Fighting Fraud with Machine Learning
Built a production-grade fraud detection system on 1M+ interbank transactions with a 0.3% fraud rate — no synthetic balancing tricks. Engineered 38 behavioral features, trained interpretable models (Logistic Regression → Random Forest), and used SHAP to make every flagged transaction explainable to analysts and regulators.
Fraud Detection
Random Forest
SHAP
Feature Engineering
Python
Scikit-learn
Imbalanced Learning
Image of Fighting Fraud with Machine Learning

#Fighting Fraud with Machine Learning

This isn't a Kaggle notebook with synthetic oversampling. It's the messy, iterative work of building fraud detection that actually holds up when fraudsters adapt.

#The Problem

1 million transactions. 3,000 fraudulent. That's a 0.3% fraud rate across multiple Nigerian banks — the kind of brutal class imbalance you get in production. Miss fraud and it costs real money. Flag too many false positives and you destroy user trust.

#What I Actually Built

#Feature Engineering (Where 80% of the Work Happened)

Started with 62 features. Aggressively pruned to 17 that actually matter. Every feature answers one question: "How weird is this transaction for this user?"

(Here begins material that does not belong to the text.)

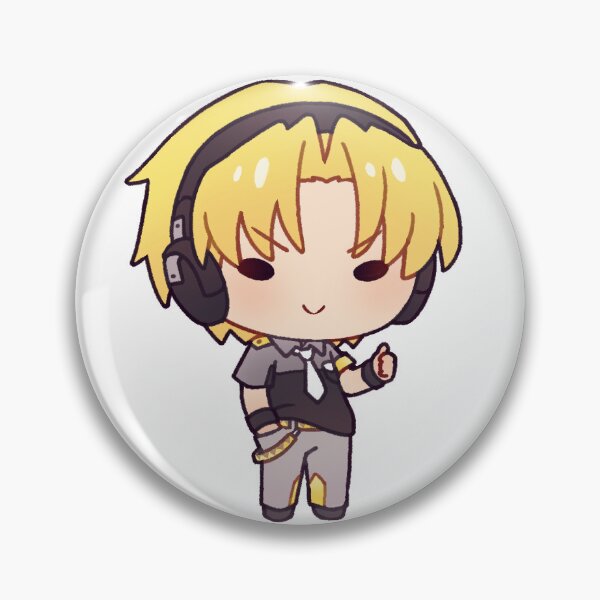 Item preview, chibi sora designed and sold by Nifffi.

  • Temporal encodings — fraudsters are creatures of habit (midnight to 5 AM spikes confirmed)
  • Velocity signals — transaction count and amount over 24h/7d/lifetime windows
  • Behavioral diversity — channel switching and location hopping patterns
  • Risk composites — weighted combinations encoding multi-dimensional suspicion

#Models & Honest Results

Logistic Regression (Baseline): AUC-ROC 0.70 — caught 54% of fraud but with a 99% false positive rate. Completely unusable.

Random Forest (Production Model): AUC-ROC 0.82 — catches nearly 2 out of 3 fraud cases. Got there through careful depth limiting, balanced class weights, and letting the trees find the non-linear boundaries that logistic regression missed.

#SHAP Interpretability

"The model says so" doesn't fly with fraud analysts or regulators. Built full SHAP analysis — summary plots, dependence plots, force plots, waterfall breakdowns. Transaction amount drives 52% of importance, followed by the composite risk score I engineered at 18%.

#Key Findings That Held Up

  • Time-of-day is real — fraud risk spikes 2-3x between midnight and 5 AM
  • Mobile is the wild west — faster fraud velocity, higher amounts, weaker controls
  • The best fraud signal: "doing something you've never done before, quickly"
  • Location alone is weak. Location + velocity + unusual channel = strong signal

#Why This Matters

Fraud detection is adversarial. Fraudsters test your boundaries, find blind spots, and adapt. This project treats it that way — no magic accuracy claims, honest about trade-offs, built for the people who actually need to trust and use the model.